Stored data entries
++++++++++++++++++++
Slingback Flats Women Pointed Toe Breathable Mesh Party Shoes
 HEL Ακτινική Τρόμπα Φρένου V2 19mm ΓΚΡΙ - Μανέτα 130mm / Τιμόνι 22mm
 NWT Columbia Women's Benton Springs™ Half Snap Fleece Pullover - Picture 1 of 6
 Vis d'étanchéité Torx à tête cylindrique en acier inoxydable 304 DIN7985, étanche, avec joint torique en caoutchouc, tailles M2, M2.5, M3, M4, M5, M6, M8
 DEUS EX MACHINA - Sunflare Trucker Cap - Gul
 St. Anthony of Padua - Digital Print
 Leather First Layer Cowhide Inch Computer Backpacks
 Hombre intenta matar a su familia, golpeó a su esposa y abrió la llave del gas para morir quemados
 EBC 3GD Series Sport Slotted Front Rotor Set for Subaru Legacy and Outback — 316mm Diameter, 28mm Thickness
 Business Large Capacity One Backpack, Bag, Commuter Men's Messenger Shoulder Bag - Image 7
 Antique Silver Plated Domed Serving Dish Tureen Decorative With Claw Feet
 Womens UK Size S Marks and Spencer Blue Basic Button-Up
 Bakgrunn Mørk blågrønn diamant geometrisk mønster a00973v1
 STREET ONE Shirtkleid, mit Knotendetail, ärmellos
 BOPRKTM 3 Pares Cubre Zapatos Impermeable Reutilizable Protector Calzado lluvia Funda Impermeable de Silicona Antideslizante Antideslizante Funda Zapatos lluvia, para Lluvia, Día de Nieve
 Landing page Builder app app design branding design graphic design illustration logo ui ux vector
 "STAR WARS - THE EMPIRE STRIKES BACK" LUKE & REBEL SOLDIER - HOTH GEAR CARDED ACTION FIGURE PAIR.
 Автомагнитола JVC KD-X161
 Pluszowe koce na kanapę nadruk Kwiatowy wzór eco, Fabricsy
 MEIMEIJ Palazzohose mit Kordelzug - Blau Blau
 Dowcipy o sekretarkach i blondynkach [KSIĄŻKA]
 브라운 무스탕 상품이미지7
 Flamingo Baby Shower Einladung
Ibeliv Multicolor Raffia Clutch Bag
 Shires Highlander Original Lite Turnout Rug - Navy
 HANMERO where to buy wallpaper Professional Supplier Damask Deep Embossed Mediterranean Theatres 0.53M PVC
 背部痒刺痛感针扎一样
++++++++++++++++++++
Retype the entries above exactly as they appear.

◆ Response
Slingback Flats Women Pointed Toe Breathable Mesh Party Shoes
 HEL Ακτινική Τρόμπα Φρένου V2 19mm ΓΚΡΙ - Μανέτα 130mm / Τιμόνι 22mm
 NWT Columbia Women's Benton Springs™ Half Snap Fleece Pullover - Picture 1 of 6
 Vis d'étanchéité Torx à tête cylindrique en acier inoxydable 304 DIN7985, étanche, avec joint torique en caoutchouc, tailles M2, M2.5, M3, M4, M5, M6, M8
 DEUS EX MACHINA - Sunflare Trucker Cap - Gul
 St. Anthony of Padua - Digital Print
 Leather First Layer Cowhide Inch Computer Backpacks
 Hombre intenta matar a su familia, golpeó a su esposa y abrió la llave del gas para morir quemados
 EBC 3GD Series Sport Slotted Front Rotor Set for Subaru Legacy and Outback — 316mm Diameter, 28mm Thickness
 Business Large Capacity One Backpack, Bag, Commuter Men's Messenger Shoulder Bag - Image 7
 Antique Silver Plated Domed Serving Dish Tureen Decorative With Claw Feet
 Womens UK Size S Marks and Spencer Blue Basic Button-Up
 Bakgrunn Mørk blågrønn diamant geometrisk mønster a00973v1
 STREET ONE Shirtkleid, mit Knotendetail, ärmellos
 BOPRKTM 3 Pares Cubre Zapatos Impermeable Reutilizable Protector Calzado lluvia Funda Impermeable de Silicona Antideslizante Antideslizante Funda Zapatos lluvia, para Lluvia, Día de Nieve
 Landing page Builder app app design branding design graphic design illustration logo ui ux vector
 "STAR WARS - THE EMPIRE STRIKES BACK" LUKE & REBEL SOLDIER - HOTH GEAR CARDED ACTION FIGURE PAIR.
 Автомагнитола JVC KD-X161
 Pluszowe koce na kanapę nadruk Kwiatowy wzór eco, Fabricsy
 MEIMEIJ Palazzohose mit Kordelzug - Blau Blau
 Dowcipy o sekretarkach i blondynkach [KSIĄŻKA]
 브라운 무스탕 상품이미지7
 Flamingo Baby Shower Einladung
Ibeliv Multicolor Raffia Clutch Bag
 Shires Highlander Original Lite Turnout Rug - Navy
 HANMERO where to buy wallpaper Professional Supplier Damask Deep Embossed Mediterranean Theatres 0.53M PVC
 背部痒刺痛感针扎一样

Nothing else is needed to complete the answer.